Pamban Island ( pāmpaṉ tīvu), also known as Rameswaram Island, is an island located between peninsular India and Sri Lanka, on the Rama Setu archipelago. The second largest island in the latter, Pamban Island belongs to India and forms the Rameswaram taluk of the Ramanathapuram district of the state of Tamil Nadu. It is the largest island in Tamil Nadu by area. The principal town in the island is the pilgrimage centre of Rameswaram.

Location and size 

Pamban Island is situated between 9°11' N and  9°19' N latitude and  79°12' E  to 79°23' E longitudes. The chain formed by Pamban Island, the shoals of Adam's Bridge, and Mannar Island of Sri Lanka separate Palk Bay and the Palk Strait in the northeast from the Gulf of Mannar in the southwest. Pamban Island extends for around 30 km in width from the township of Pamban in the west to the remains of Dhanushkodi towards the south-east. The length of the island varies from 2 km at the Dhanushkodi promontory to 7 km near Rameswaram. The area of the island is around 67 km2.

Demographics 

Pamban Island constitutes a separate taluk of Ramanathapuram district with four administrative divisions,  Okarisalkulam, Mahindi, Pamban and Rameswaram. There are two administrative villages, Pamban and Rameswaram. The two main towns on Pamban Island are Pamban and Rameswaram. There are also smaller settlements upon the island like Thangachimadam. The taluk headquarters is at Rameswaram. There are railway stations at Pamban and Rameswaram.

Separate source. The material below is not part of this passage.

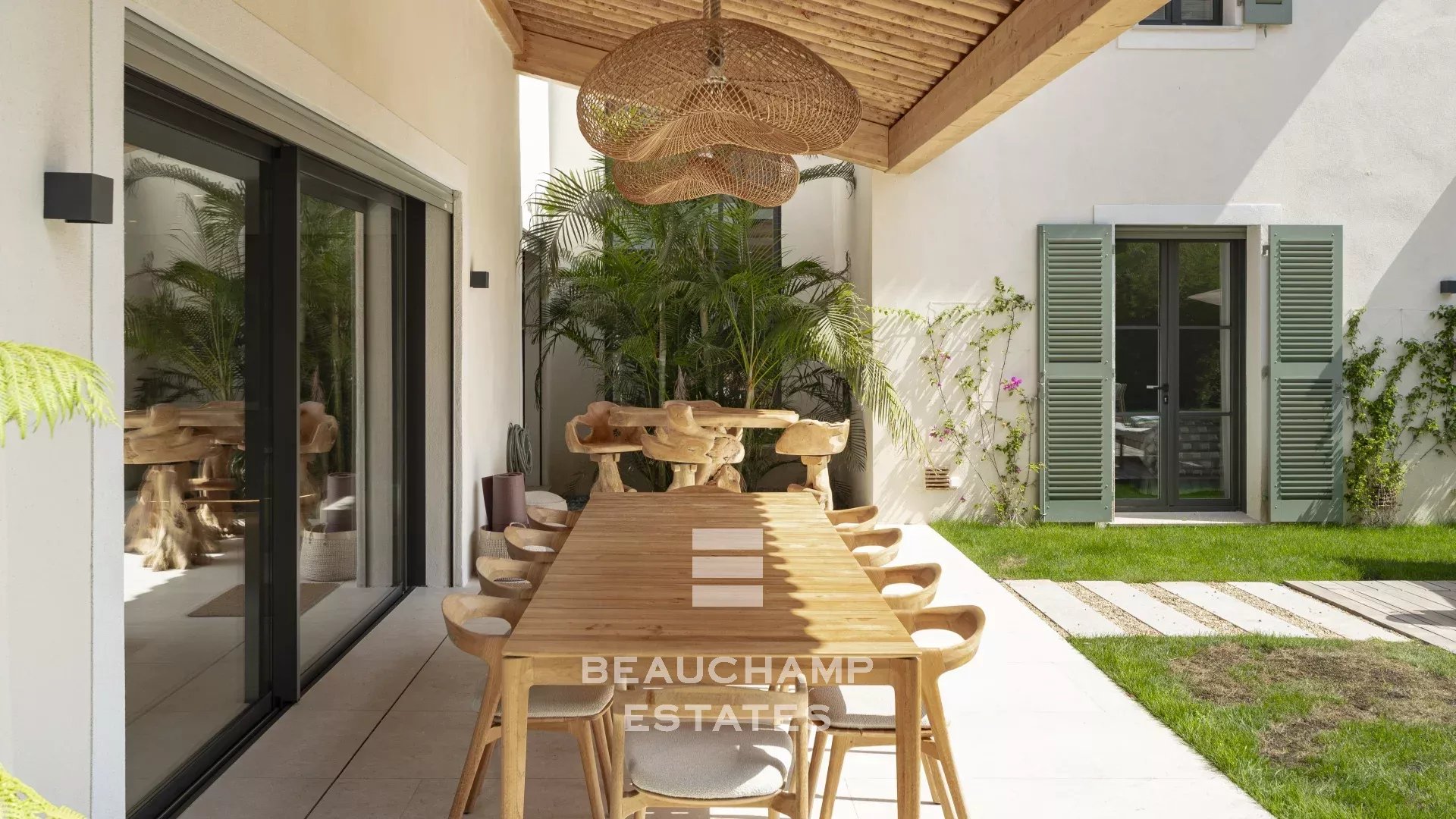 Sublime villa neuve à pieds du centre de Saint-Tropez et de la plage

Rameswaram with a population of 44,856 (2011 census) is the largest and most populous town on the island. It is one of the most sacred Hindu religious sites and a pilgrimage destination for thousands of Hindus every year. The Ramanathaswamy Temple at Rameswaram has the longest corridor in Asia. Rameswaram is situated at the centre of the island, around 11 kilometres from the township of Pamban and 18 kilometres from Dhanushkodi.

Pamban, situated at the western edge of Pamban Island, is a fishing village and a harbour which is the main point of entry for the pilgrimage centre of Rameswaram. It has a population of around 9,000 inhabitants. Its importance has enhanced because it is located at the eastern end of Pamban Bridge through which supplies enter the island. Pamban is 11 kilometres from Rameswaram, 30 kilometres from the tip of Dhanushkodi and around 7 kilometres from Mandapam on the Indian mainland. It is separated from the Indian mainland by a narrow strip of sea.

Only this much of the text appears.